When the paper returns in the fall, it won’t be paper, but it will be a new challenge for the students and staff involved.

Nell Gross, editor in chief, said the switch will probably make her life easier and will serve the readers better.

“It’s been difficult to split up my time between print and digital,” she said. “It’s a lot of work for such a small staff to do. And this is how most people our age get their news. How they are most likely to see it.”

Corbin Crable, the paper’s adviser, said he agrees.

“As a student publication, we must adapt to the ever-changing needs and demands of our audience,” he said. “Our research has shown that both our social media activity and web hits have increased in recent years, while print readership and advertising revenue continues to slowly decline.”

Crable said the transition has been in the works for three years, and has benefitted from converging with the radio and video groups on campus.

“We operate in a converged newsroom alongside our counterparts at the campus Internet radio station and the student-run video production outlet,” he said. “So even if a reporter couldn’t post a full article each day, or a photog couldn’t post a photo or gallery each day, we would at least help cross-promote our other media outlets by posting podcasts, video news packages, or full multimedia packages.”

Tips from Johnson County Community College

  1. This is certainly not a decision to be made hastily.

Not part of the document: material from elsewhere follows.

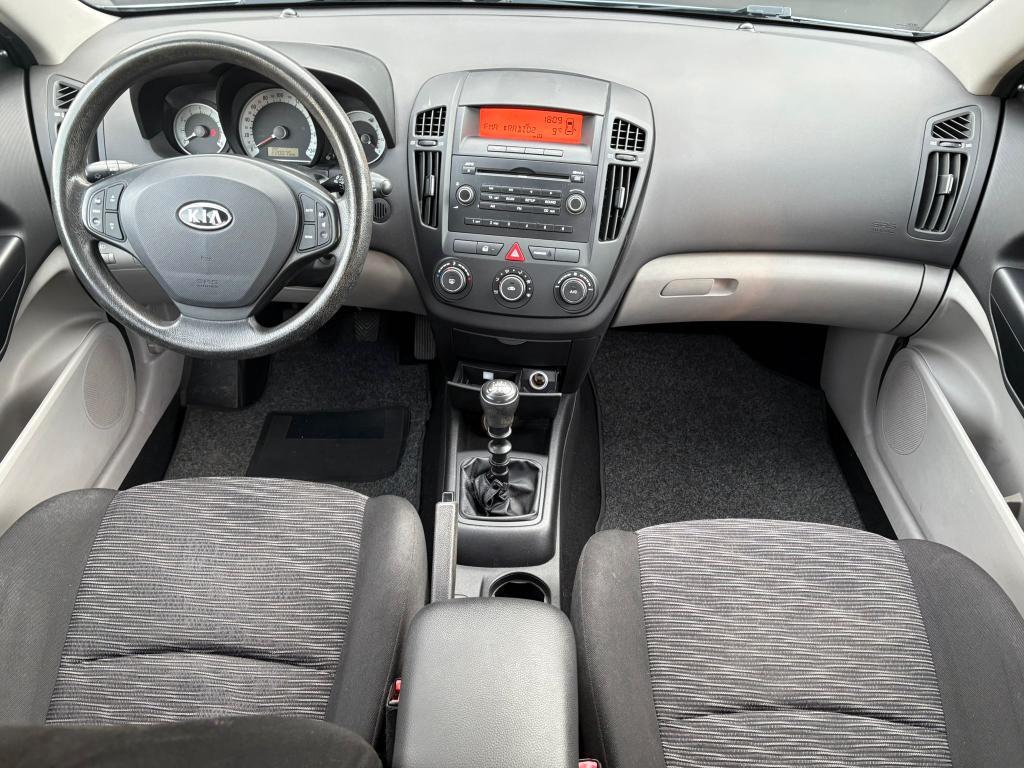 Kia Ceed 5 Porte Ceed 5p 1.4 BENZ GPL 109 CV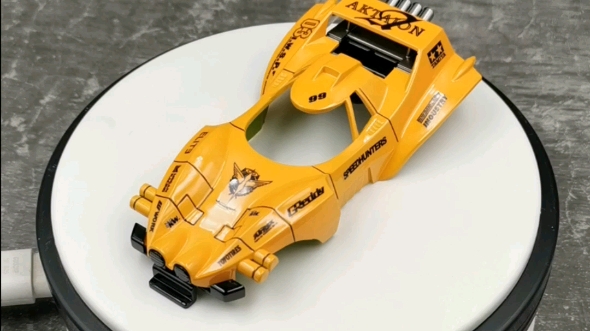 田宫四驱车四驱小子大炮特使镂空改色喷漆车壳静态展示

Research other collegiate publications that have made the same move to become an exclusively online media outlet.
  2. Network with student editors and advisers who have made the leap and learn from them what worked and what didn’t.
  3. Survey your campus community to get a sense of what they truly want to see in your website and social media presence.

  4. Find out where your students live. If most live off campus or telecommute, a print edition might not be a good fit.
  5. Work with your existing and incoming staff members to carefully craft the changes in employee roles, schedules and workflow.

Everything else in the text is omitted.